There’s something fortifying about ladling out dinner into an over-sized bowl from a covered pot that has been simmering on the stove for most of the day.
It makes me feel like I can get through whatever the day brought. Small trials seem to melt away in the savory steam that hovers over smooth white crockery. It’s a sacred atmosphere, the three inches above a bowl of soup. It like the oxygen-nitrogen blend of gases that encircle earth. Like the ring of gases makes the earth habitable, soup makes winter bearable.
Yes, I have my favorites. I make several variations of lentil soup. Some have extra veggies like spinach or celery. I season one with cumin and honey.
Of course, I make chicken soup. Like my mother, I have no recipe. I follow no rules about proportions. Rather, I throw things in the pot based on sight and feel.
Here it was a snowy Saturday. I had no place I had to be. I wanted to take care of myself, and I wanted to fill my home with aromas which would be impossible to leave.
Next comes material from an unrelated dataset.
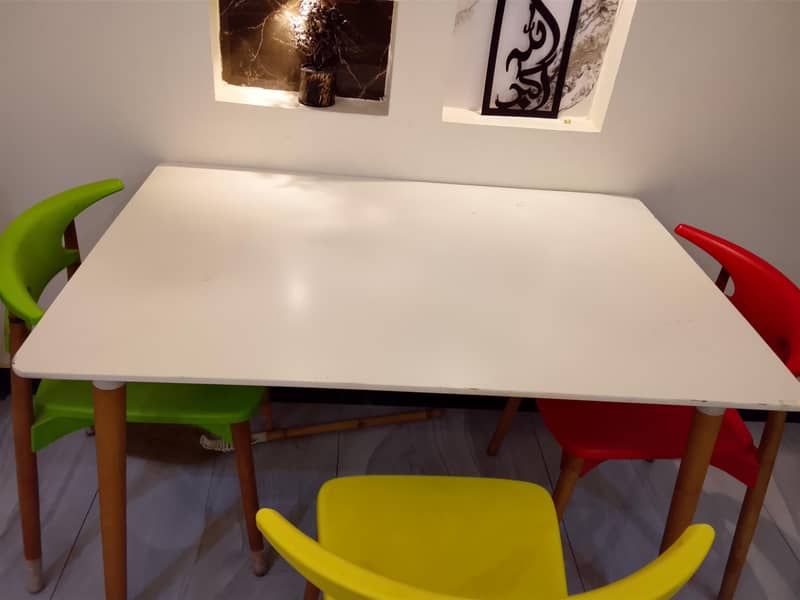 used dinning table with 4 multi chairs 2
But I felt in a little bit of a rut. A soup rut. I wanted the familiar comfort of dinner served from my blazing red Le Creuset, but I longed for something fresh, too.
I started searching recipes on the Internet, a process that can be both enlightening and overwhelming. Then I scanned a few of my cookbooks. I decided to make pear-parsnip soup with fresh rosemary, a recipe I found in my slow cooker book.
After a crazy drive through the snow, which was getting deeper by the minute, to get two pounds of parsnips (Once I had decided on what to make, I was not going to be stopped by not having all the ingredients in my fridge), I followed the recipe.
It was simple, you put all the ingredients in a crockpot. Cook them for 7 hours, then blend the mixture in small batches and add cream. Simple is good. And the smell of the onions and rosemary, chicken broth and pears simmering in the crockpot for hours filled my heart with joy!
After blending the magical concoction and adding the richness of half and half, I ladled out my first bowl. I consumed half of it standing over my counteer. I was so eager to try this new soup; something I had never tried making before.
Ahhhhh. I declared it a winner! A little sweet. A little savory. Creamy, but not heavy.
After it cooled, I filled a few small plastic containers and put them in the freezer. Winter comfort in storage. I placed my red pot, now only about one third full, on the bottom shelf in my fridge. I expected to consume the remaining contents over the weekend.
I was happy with the adventure. I was happy with the results, the way the soup tasted, especially considering how easy it was to make.
But I was really boosted, and grateful, by the experience of wanting to try something new and starting to look for possibilities in my immediate universe.
I considered how lucky I am that I don’t fall victim to boredom. Sometimes, I’ll get lazy and rely on the television for entertainment, but I don’t recall feeling limited by having nothing to do.
Here, I was, yearning for the simple comfort of hot soup on a cold, snowy day. I ended up treating myself to a great reminder of the infinite possibilities of tastes, of things to do or try. The ideas for starting something I’ve never done before are all around me.
Trying a new recipe is no small thing.